O Idiota, que tem chamado minha atenção é um termo originário do grego, idios, idion, quer dizer, de caráter próprio, particular, separado, privado, daí também o termo idiossincrático, idiossincrasia. Lá na Grécia clássica, quando os gregos criaram a democracia, uma forma de governo que tinha em seu cerne, a reunião de cidadãos em uma assembleia, com o propósito de administrar a cidade, onde os cidadãos tinham que agir com base em três princípios fundamentais: isonomia (todos os cidadãos têm o dever e o direito de tratar todos os outros sob o princípio da igualdade de direitos).

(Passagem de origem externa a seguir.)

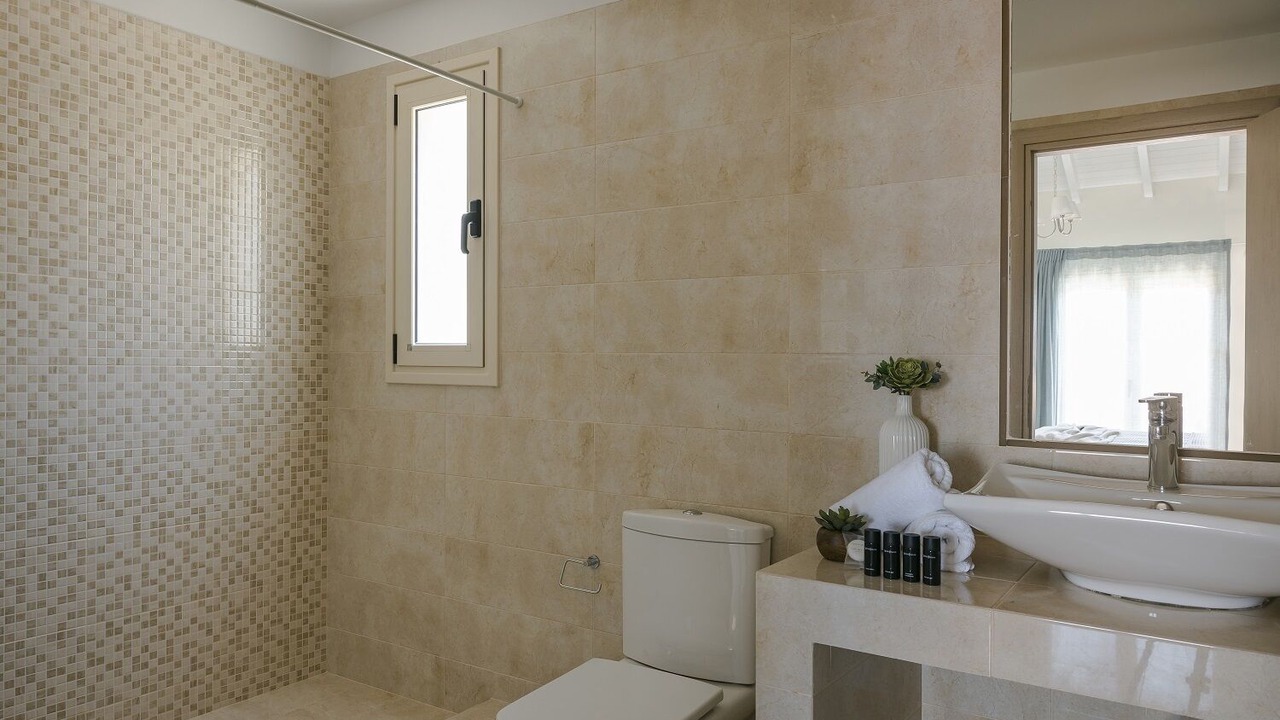 Photo of Bathroom in Tzamarelata
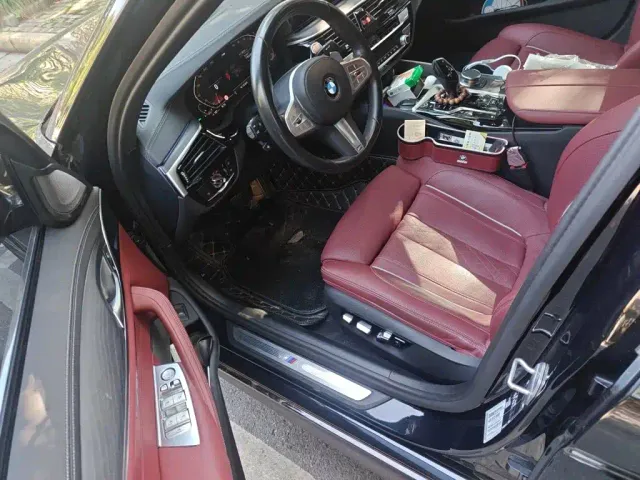 BMW 5 Series — Фото автомобиля 12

Assim, guiados por esse princípio, nenhum cidadão pode ter qualquer privilégio, nem exigir para si, privilégio algum. Não é porque é filho do imperador que terá acesso ao melhor assento, ou qualquer que fosse o privilégio. O segundo princípio é a isegoria (qualquer cidadão terá direito de fala e, nesse caso, terá que lhe ser assegurado também a escuta, uma vez que esta constitui o discurso. Daí a necessidade de a assembleia dos cidadãos assegurar para todos e cada um o direito de falar e o dever de escutar). No tempo de Péricles, durante o século V a.C., os gregos de Atenas implementaram a Democracia Direta, quando surgiu também, dois outros conceitos importantes e determinantes para a consolidação da democracia: a autonomia e a cidadania. Conceitos fortemente conectados aos dois princípios acima.
O idiota, em seu sentido originário, é aquele que, mesmo tendo o direito de participar da assembleia e contribuir para a tomada de decisões, ele mesmo, de forma autônoma, decide não participar. Mas, quais são os motivos que o distanciam da assembleia? Da praça pública? Uma vez que era ali, naquele espaço que cada cidadão poderia fazer uso dos seus direitos e lutar pela deliberação de algo de interesse comum? Aí está o grande problema do idiota. Ele não suporta o público. Ele não suporta o “interesse comum”. O idiota só enxerga aquilo que apenas ele pode adquirir. O que lhe apraz é a satisfação dos seus próprios desejos. Seu regozijo está no âmbito do privado, daquilo que está separado de todos os outros. A cidade o interessa apenas naquilo pode lhe render algum benefício. O idiota não é, enfim, alguém que foi expulso da assembleia por discordância da maioria. Ele não se presta a esse trabalho de tentar convencer os outros de que suas ideias são as melhores.
Mas, a partir da modernidade, eles passaram a ocupar cargos públicos importantes e hoje alguns são prefeitos, governadores, diretores de escolas, reitores, presidentes da república, são apenas alguns exemplos do poder executivo. Ao assumir tais cargos, o que eles fazem? De maneira autocrática, passam a agir nas instituições públicas como se estivessem em suas próprias casas ou empresas. Quando isso ocorre, uma ação comum a ser efetuada pelos idiotas, é promover uma incessante e continuada perseguição àqueles que são tomados por eles, como seus inimigos. Mas tal perseguição não ocorre de forma aberta, falta-lhes coragem para agir à luz do dia. Suas ações são sorrateiras, são fruto de armadilhas, geralmente travestidas de legalidade, com o propósito de destruir a imagem e a dignidade de qualquer um que for transformado em inimigo.
Como lidar com os idiotas? Como a mentira é uma de suas principais armas, o melhor combate é com a verdade dos acontecimentos. Com o fortalecimento das redes de contato do próprio contexto do trabalho, com um claro objetivo de promover a realização de ações conjuntas e que possam fortalecer o coletivo. É com diálogo, paciência, clareza de pensamento e de propósito, que será possível desempenhar um bom trabalho, tendo em vista o respeito e cuidado com as pessoas do trabalho e com aquelas que são a razão de existência do serviço público. Nessa luta, talvez, o mais difícil seja aprender a trabalhar em grupo, com objetivo de promover e proteger o coletivo.